McMasters’ seagoing Super Clipper is a fanciful extrapolation from his study of large aircraft configurations. He has also studied the prospect of a giant flying wing, a design that NASA has continued to study. At this point, Boeing’s interest is purely in military applications, and the company will fly a scale model of the Blended Wing Body aircraft at NASA’s Dryden Flight Research Center in California this fall. If a full-scale commercial version were to be developed, it would face the same problem the A-380 faces: airports.
London’s Heathrow is the third busiest in the world (after Atlanta and Chicago) and, as the airport handling more international travelers than any other, probably the most cramped for space. When Airbus designers approached airports around the world starting in 1996, Heathrow was enthusiastic because the A380’s capacity could squeeze more people into each of its coveted landing slots. The airport now expects 65 superjumbo flights a day by 2015.
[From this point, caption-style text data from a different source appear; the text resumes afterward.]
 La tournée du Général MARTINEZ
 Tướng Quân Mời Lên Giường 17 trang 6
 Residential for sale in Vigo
But big airplanes create big demands on the ground: Heathrow is spending about $800 million to rebuild itself, widening runways, adding taxiways, lengthening baggage conveyors, and renovating a terminal to create four superjumbo-size gates almost as wide as Big Ben is tall. The airport is also building a new terminal, to be completed by 2011, that will include 14 gates that can accommodate the A380; two of the 14 opened this year.
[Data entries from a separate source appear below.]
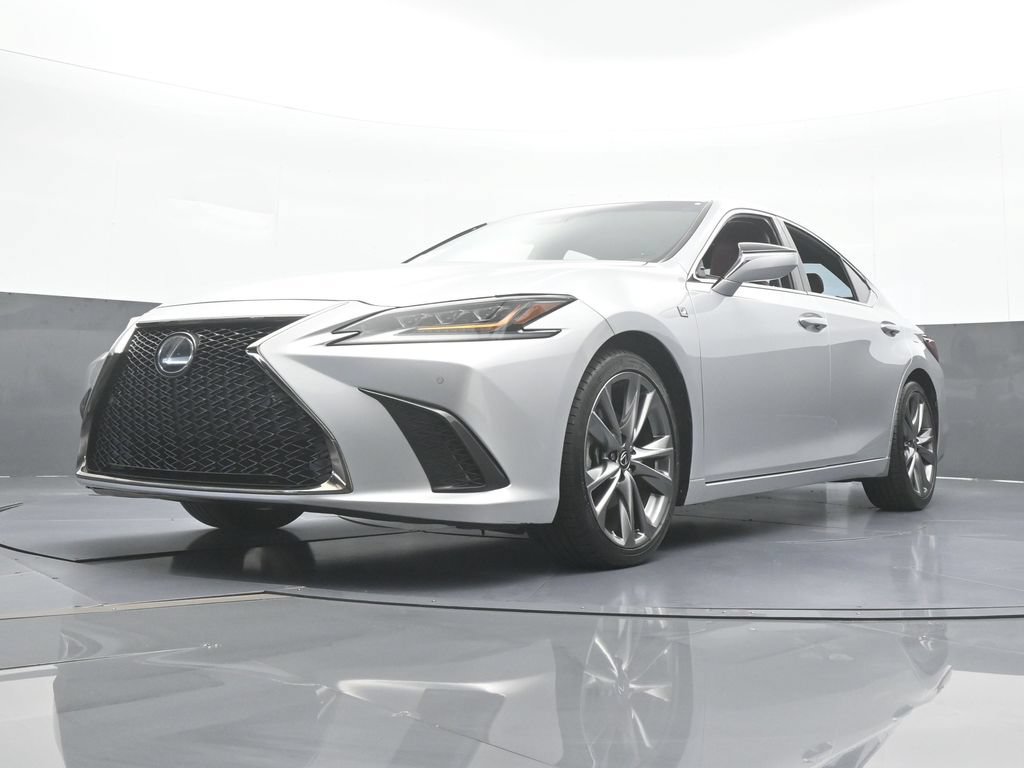 Used 2019 Lexus ES 350 F Sport w/ Accessory Package 2 FWD image 57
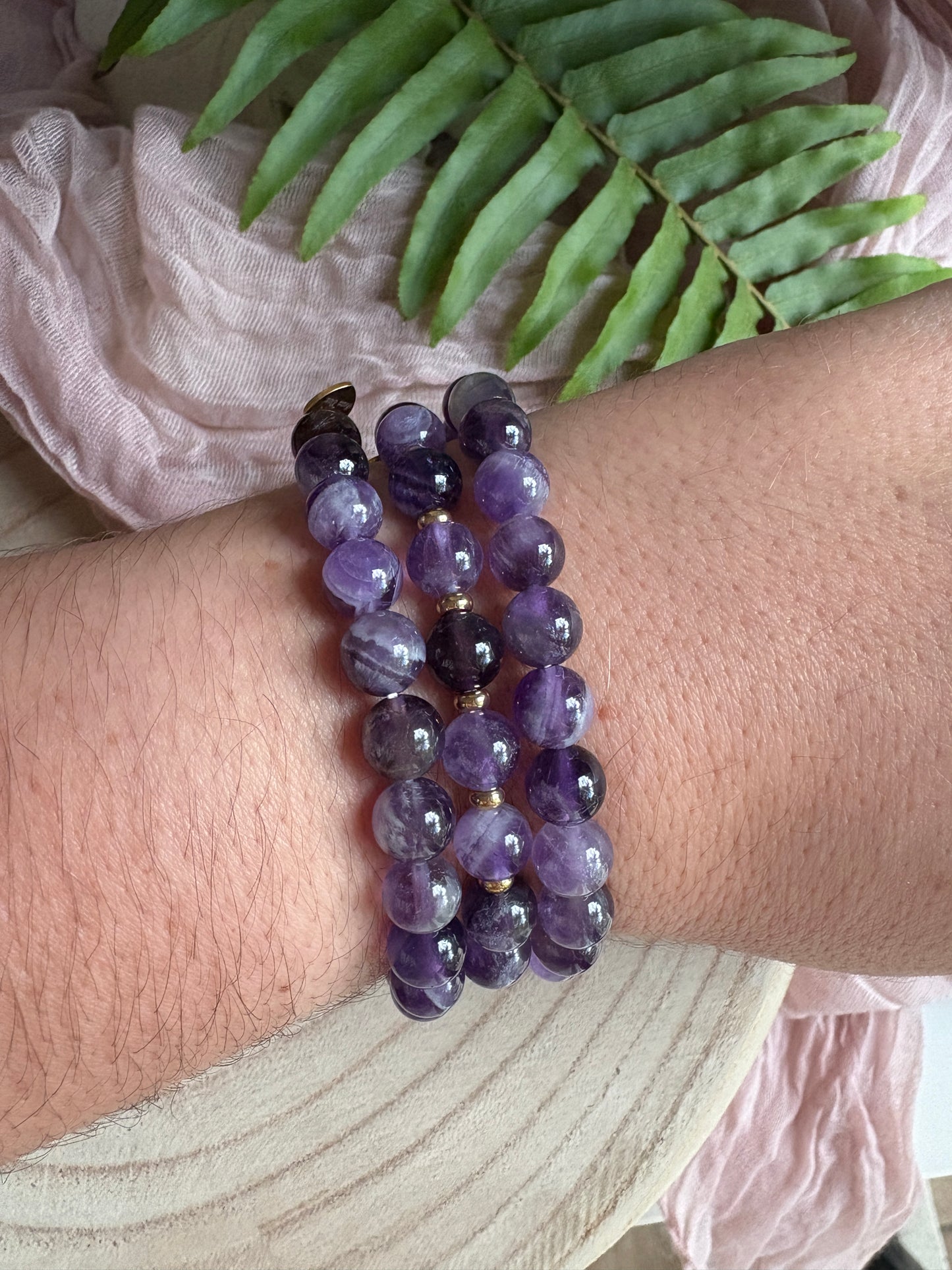 Amethyst Bracelet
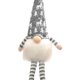 thumbnail image 5 of Adornos gnomos navideños LED muñeca sin rostro colgando juguetes enanos (gris largo) Likrtyny Para estrenar, 5 of 6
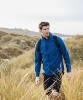 Craghoppers Expert Basecamp Softshell Jacket Poseidon Blue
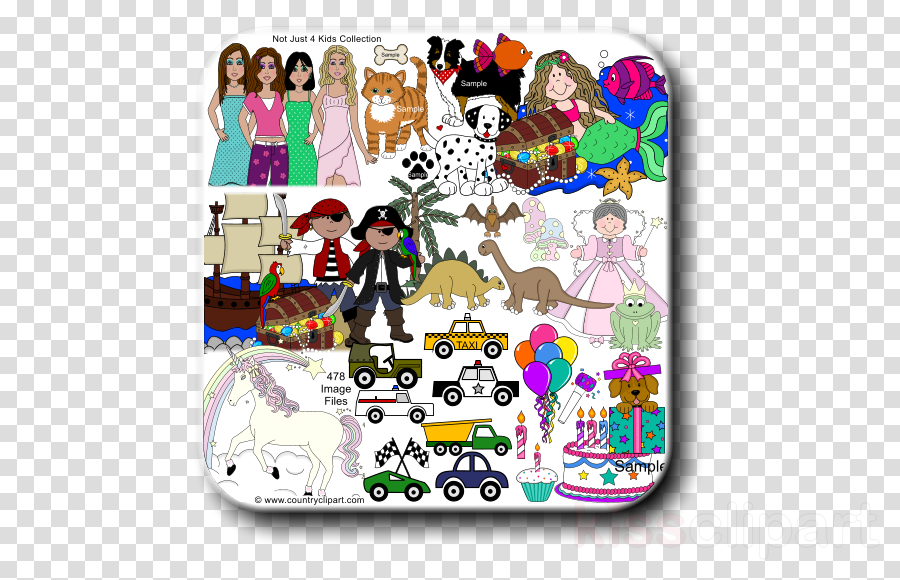 Kids Clip Art Clipart Book Report Clip Art (900x580), Png Download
In Singapore, where Singapore Airlines has ordered 10 A380s, with options for 15 more, costing a total of $8.6 billion, and where the first commercial A380 flight will likely take off early next year, Changi Airport is expanding 19 gates with extra seating, restrooms, and three jetways to handle A380s. Crews at Changi, which promises to be a hub for the megaliners on crowded Asian routes, have widened runways, expanded runway-taxiway intersections, and added shields to block the intense blast from the A380’s engines.
Airbus designed the A380 so airports wouldn’t have to strengthen existing runways. Though it weighs far more than a 747, its tires put no more pressure on runways because its weight is spread out over more wheels: 22. The immense weight of the new airliners does require some airports to reinforce bridges they will use. Its span and engine placement require them to widen runways from 150 feet, the standard for a 747, to 200 feet. Some airports, such San Francisco International, will work around that requirement by closing adjoining taxiways when an A380 arrives.
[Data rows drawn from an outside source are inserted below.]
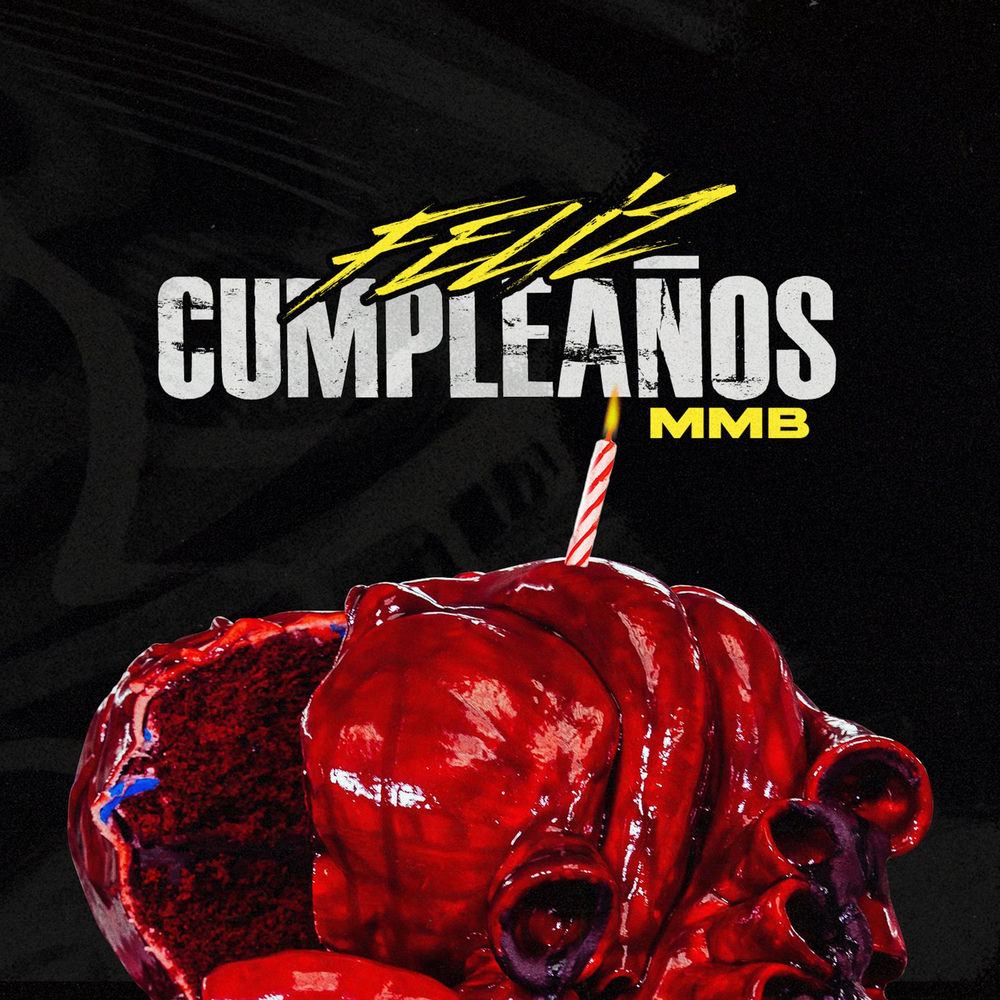 Portada de Feliz Cumpleaños MMB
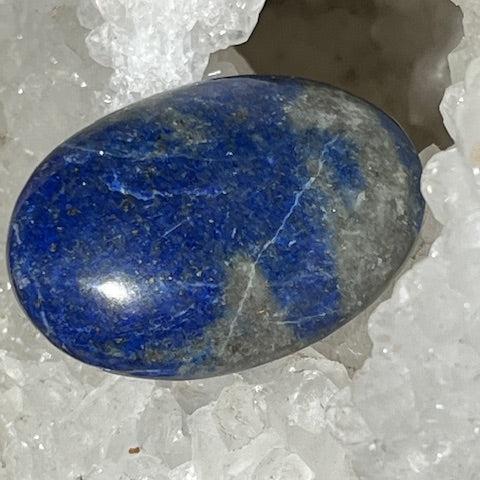 Lapis Lazuli oasis de cristal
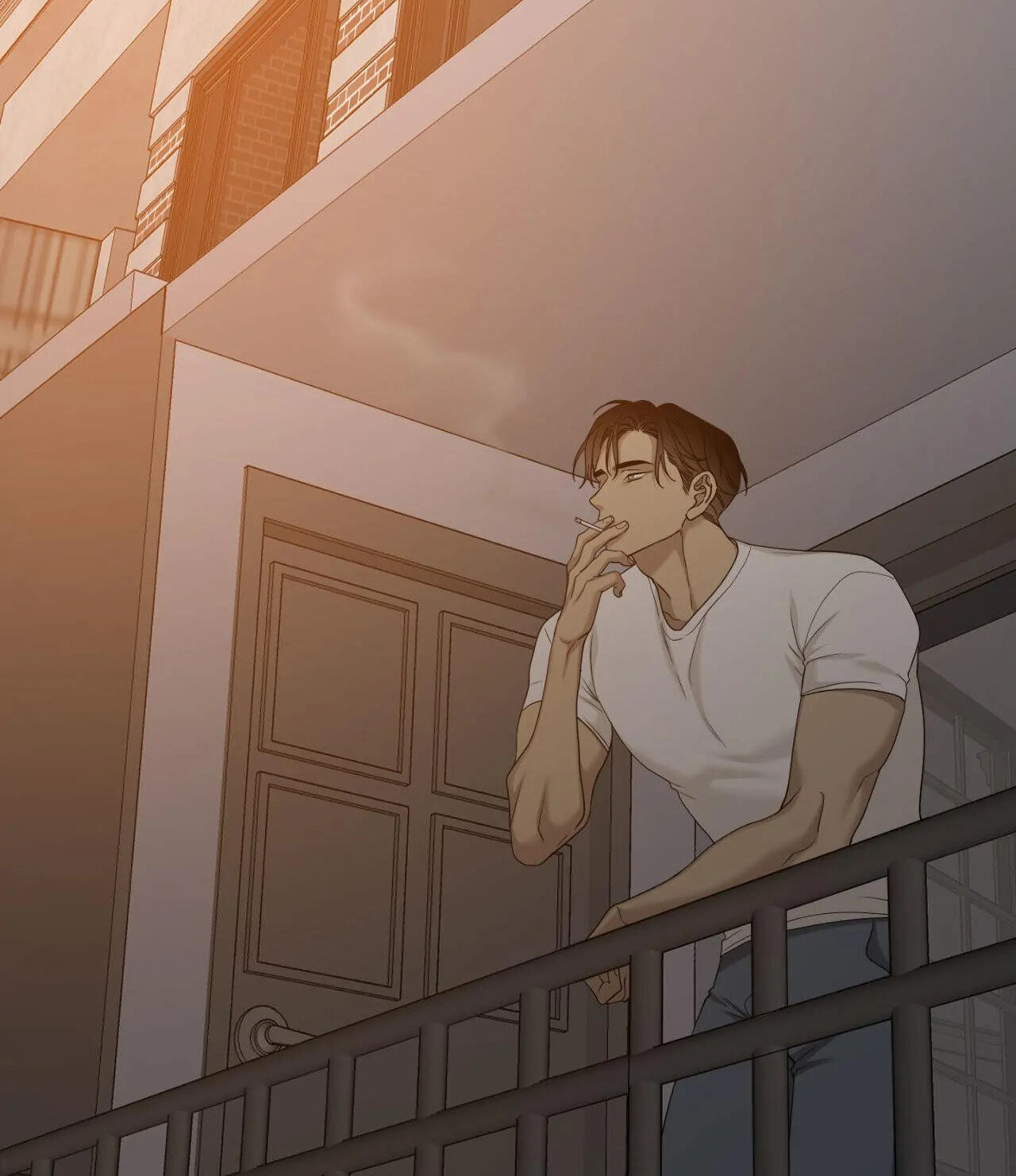 Dear Zero Chapter 3 page 68 -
Airbus has strained to coax every bit of per-passenger performance possible from its superjumbo, and that’s the reason the airplane has two decks. Airplanes that pack people onto two levels—like the A380—or even three levels—like Kroo’s superduperjumbo—make more efficient use of their space. Kroo figured that by stacking 1,500 passengers in an airliner’s triple-deck fuselage, for example, he would reduce the ratio of nonlifting fuselage area to lifting wing area, which would reduce the power needed to carry each person. (Pity the poor pilot who’d have to stand there and say goodbye as all those people file off.)
But the payoff multiplies not only because per-person thrust is optimized but because the basic costs of flying any airliner—the salary of our friendly pilot, for instance—are spread across the ticket price of more passengers, so the cost of moving each person is smaller.